== INSTRUCTIONS TO FOLLOW ==
All of the lines below are to be transcribed faithfully, with pictures excluded from the copy.

------------

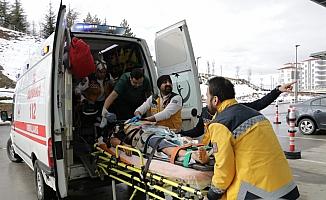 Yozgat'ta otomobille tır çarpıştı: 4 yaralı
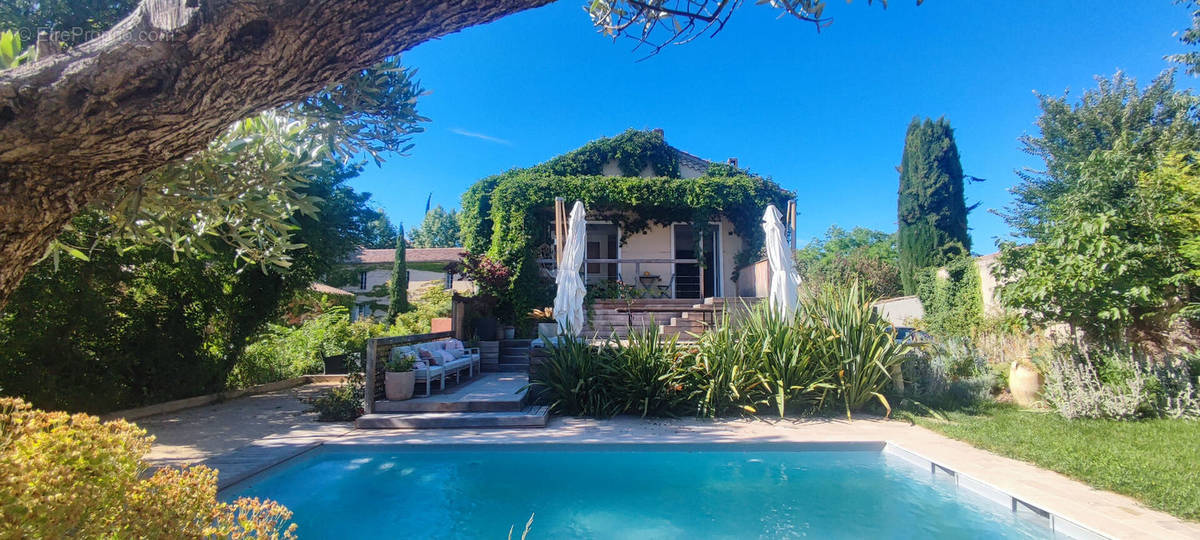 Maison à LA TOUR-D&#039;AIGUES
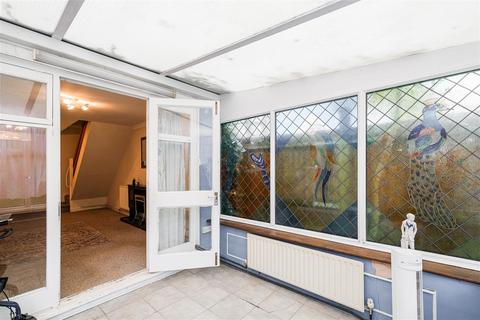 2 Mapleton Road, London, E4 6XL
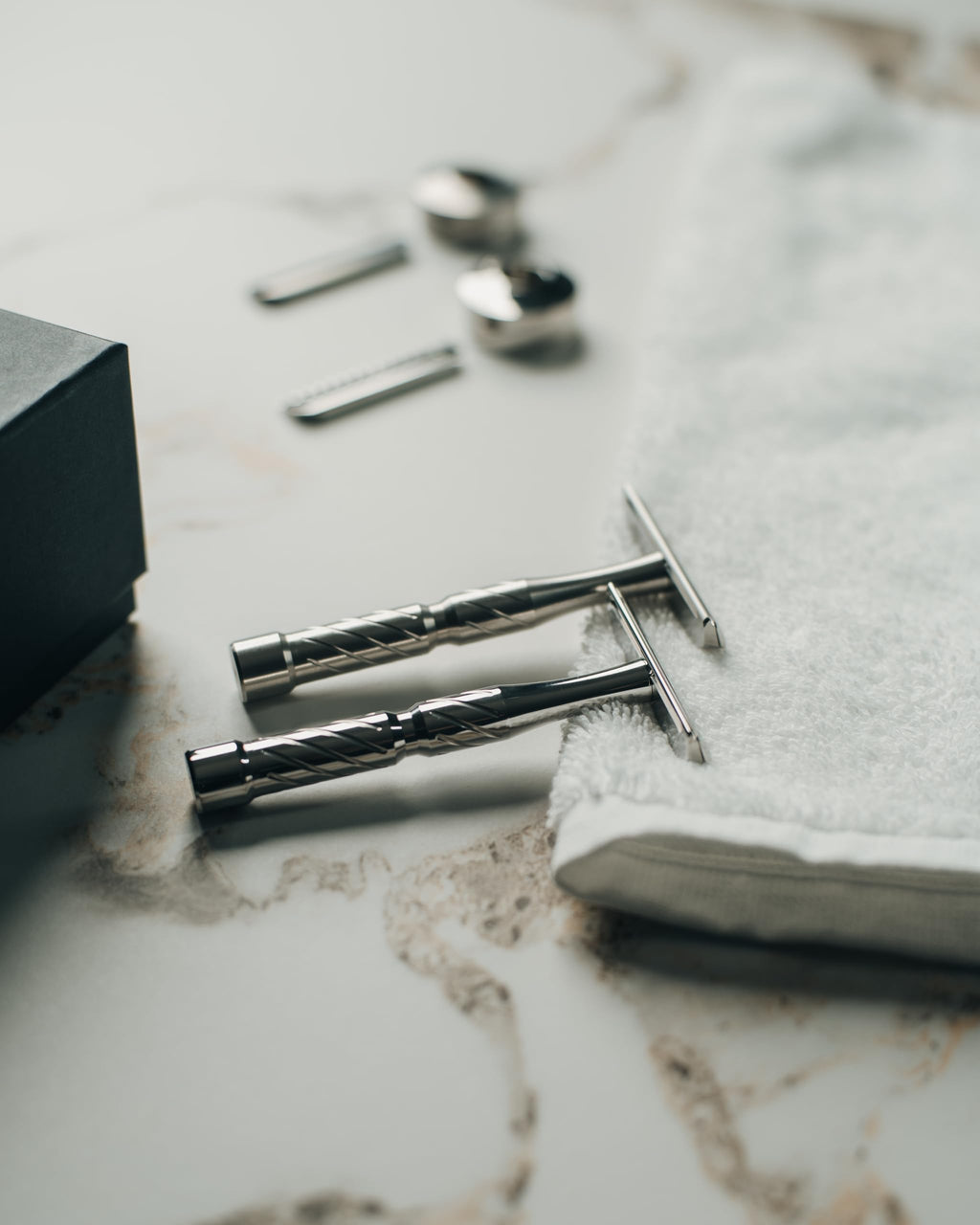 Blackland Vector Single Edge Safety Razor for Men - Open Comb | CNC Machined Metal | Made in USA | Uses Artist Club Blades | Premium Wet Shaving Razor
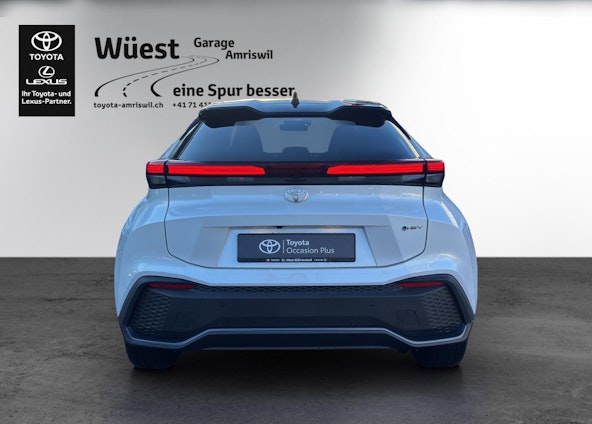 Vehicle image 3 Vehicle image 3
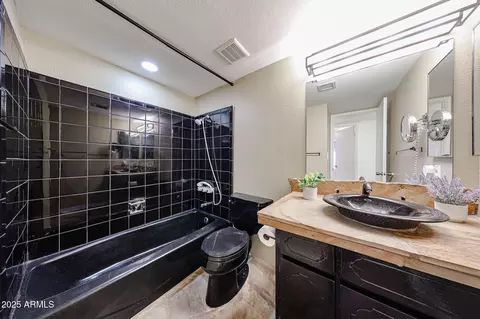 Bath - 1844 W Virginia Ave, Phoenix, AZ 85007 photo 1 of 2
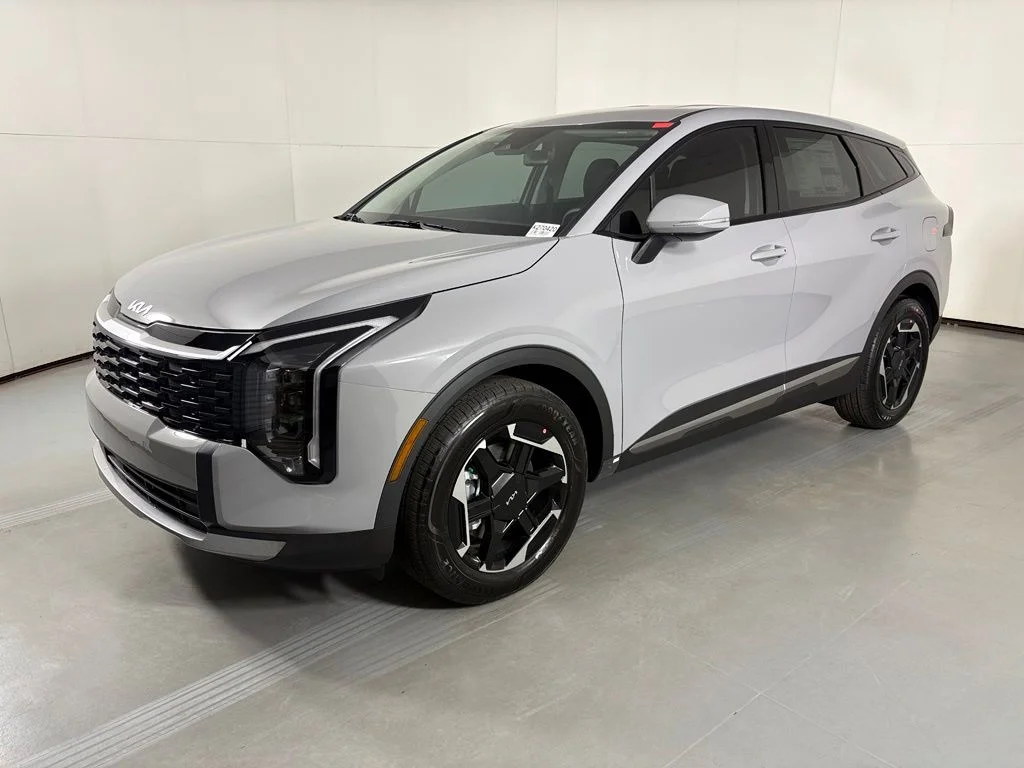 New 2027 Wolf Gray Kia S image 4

------------

== REPLY ==
 Yozgat'ta otomobille tır çarpıştı: 4 yaralı
 Maison à LA TOUR-D&#039;AIGUES
 2 Mapleton Road, London, E4 6XL
 Blackland Vector Single Edge Safety Razor for Men - Open Comb | CNC Machined Metal | Made in USA | Uses Artist Club Blades | Premium Wet Shaving Razor
 Vehicle image 3 Vehicle image 3
 Bath - 1844 W Virginia Ave, Phoenix, AZ 85007 photo 1 of 2
 New 2027 Wolf Gray Kia S image 4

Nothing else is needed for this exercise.